Strengths and limitations
The strength of the study is in the use of realist methodology. This allows us to go beyond simply describing employment and deployment models, and to explore the who, how, and why questions, which have not been explored before. This study focused on four PCNs, which, although they had different contextual characteristics, may not reflect the full range of employment and deployment practices that apply across all PCNs and for all the different types of ARRS staff. Moreover, as only one researcher analysed all the transcripts, it could limit the development of CMO configurations.

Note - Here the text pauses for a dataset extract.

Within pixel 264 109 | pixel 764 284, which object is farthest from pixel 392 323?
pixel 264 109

Comparison with existing literature
Earlier studies found that reasons for choosing particular employment models varied; however, the preference was for approaches that limited employment risks to individual GP practices but mostly was a pragmatic decision based on local circumstances.3,4 On the other hand, our study shows that, as ARRS develops, the desire for greater influence over staff development and retention often drives the choice of employment models. Prior experience with specific ARRS staff also plays a significant role in decision making. Additionally, we found that rotating staff across a limited number of practices, ideally two, with one serving as a base, helps ensure consistency in training, administrative, and management processes. Wider issues identified in our study, such as lack of integration with existing GP practice staff and lack of career progression, support, and supervision for ARRS staff, are similar to those found by Jones et al.13
Implications for practice
Understanding the intricacies of ARRS staff employment and deployment models is fundamental for building a sustainable and effective general practice workforce, improving patient care, and ensuring the retention of ARRS staff. Many ARRS-funded roles are relatively or entirely new in UK general practice and appointed practitioners have frequently not undertaken significant training or had experience of working in general practice, and some may be newly qualified. PCNs and GP practices need to facilitate the integration and embeddedness of ARRS roles into general practice and develop their skills and knowledge to ensure safe and effective patient care. ARRS staff need to feel valued and supported to ensure their retention and job satisfaction. This includes providing induction, mentoring, ongoing support and supervision, and access to professional training and appraisal. The inclusion of recently qualified GPs in the ARRS funding from October 2024 presents additional challenges. PCNs and GP practices need to determine how recently qualified GPs can be adequately supported and mentored within their ARRS roles to enable them to build long-term careers in general practice.
Notes
Funding
This study was funded by
the National Institute for Health and Care Research (NIHR) School for Primary Care Research (grant reference number: 568). The views expressed are those of the author(s) and not necessarily those of the NIHR or the Department of Health and Social Care.
Ethical approval
Health Research Authority and Health and Care Research Wales (HCRW) approval — REC reference: 22/EE/0086 (dated 31 May 2022).
Provenance
Freely submitted; externally peer reviewed.
Competing interests
The authors have declared no competing interests.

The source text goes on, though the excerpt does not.